Revolving credit facility borrowings consist of the following:
(in millions)December 31, 2022December 31, 2021
$400.0 million revolving credit facility $45.0 $70.0 
Less current maturities (1)
— — 
Long-term portion$45.0 $70.0 
(1) There are no required principal payments due until maturity in January 2024.

On September 4, 2020, the Company entered into a Credit Agreement (the "2020 Credit Agreement"). The 2020 Credit Agreement provided for a senior secured revolving credit facility (the "2020 Credit Facility") with borrowings in an aggregate principal amount at any time outstanding not to exceed $400.0 million. The 2020 Credit Agreement served as refinancing of indebtedness and terminated the Company's Revolving Credit Facility Agreement dated as of October 11, 2017 (the "2017 Credit Facility"). The 2017 Credit Facility consisted of a $400.0 million senior secured revolving credit facility.

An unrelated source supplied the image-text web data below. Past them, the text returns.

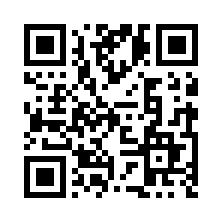 QR Code for 3NJsu4STaMFdmwG4CNpfz68fHTEUmQsvyS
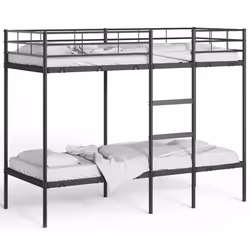 VidaXL 42000319 lit - Vue supplémentaire 4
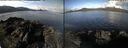 ./images/rivers-inlet/ethel/20250503/ethel20250503_083954.jpg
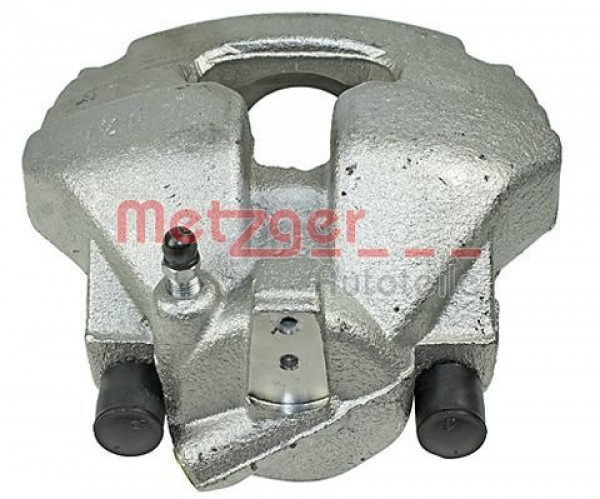 METZGER 6260089 - Bremssattel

At any time during the term of the 2020 Credit Facility, the Company was permitted to increase the commitments under the 2020 Credit Facility or to establish one or more incremental term loan facilities under the 2020 Credit Facility in an aggregate principal amount not to exceed $200.0 million for all such incremental facilities. Commitments under the 2020 Credit Facility were set to terminate, and loans outstanding thereunder were set to mature, on January 2, 2024.
The 2020 Credit Agreement included requirements, to be tested quarterly, that the Company maintain (i) a minimum ratio of Consolidated EBITDA to consolidated interest expense of 3.25 to 1.0, (the "Interest Coverage Ratio"), (ii) a maximum ratio of Consolidated total indebtedness to Consolidated EBITDA of 3.75 to 1.0 (the "Total Leverage Ratio"), and (iii) a maximum ratio of senior secured indebtedness to Consolidated EBITDA of 3.25 to 1.0 (the "Senior Secured Leverage Ratio"). For these ratios, Consolidated EBITDA and consolidated interest expense are calculated using the most recent four consecutive fiscal quarters in a manner defined in the 2020 Credit Agreement. At December 31, 2022, the Company was in compliance with these covenants.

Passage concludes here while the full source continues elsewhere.